Tuesday, May 27, 2014

Chasing Meteors

The sky is dark and clear. There are plenty of stars visible, including some reasonably faint ones. But, after 45 minutes of watching, there are no meteors. I check the time on my phone one last time to find that it’s about 3:30, before heading back to the tent. Little Guy is sound asleep.
It’s the best weather and the best sleep I’ve had on a camping trip in 20 years.
In the thin morning light, a gray catbird picks at the leaf litter beside the trail. They’re small birds, but they migrate over a large range. Some of them reach southern Mexico. It’s possible that this little fellow spent the winter on the Yucatan Peninsula. Maybe, he even spent time in Chichen Itza, a sprawling campus of Mayan temples and other ritual structures.
 There’s a building there, or most of one that 1,000 years ago contained reflecting pools around a small tower, used by astronomer-priests for watching the heavens. Another, the Pyramid of Kukulkan, marks the spring and fall equinoxes.
Suddenly, I’m less disappointed about the meteor shower that wasn’t. The gray catbird came all the way from his observatory in Mexico to watch it.
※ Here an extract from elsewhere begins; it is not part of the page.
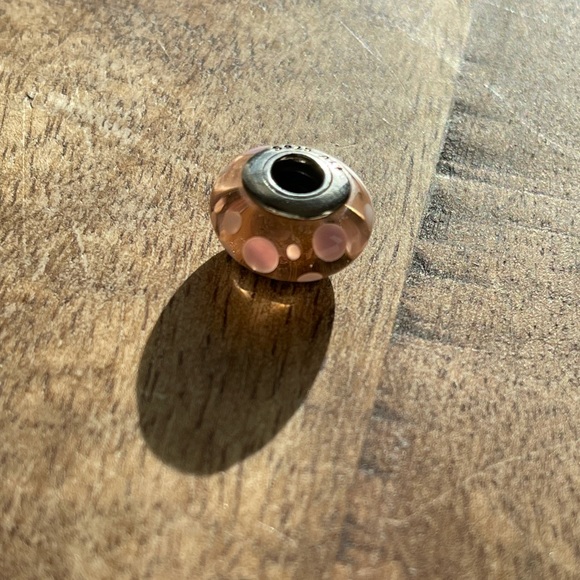 Pandora Glass Pink Dotted Polka Dot Glass Murano Charm EUC - Picture 9 of 11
I, on the other hand, got to spend the night camping with my son, on an expedition to chase after something elusive.
Photo credit: The author.

Tuesday, May 13, 2014

On the Persistence of Creation

My sweet girl asks me what kind of bird that is, hopping down the tree toward the seed feeder. “That’s a white-breasted nuthatch,” I tell her. “He’s funny, because he always goes head-first, whether he’s going up or down.” She agrees that he’s funny.
The bird picks at something in the bark, and abruptly flies off. “Why’s he leaving,” she asks. “He may have found a juicy bug to eat. Or, he may be taking it back to a nest for his babies. You know, there are new baby birds every spring.” Sweet Girl looks back outside and thinks about this.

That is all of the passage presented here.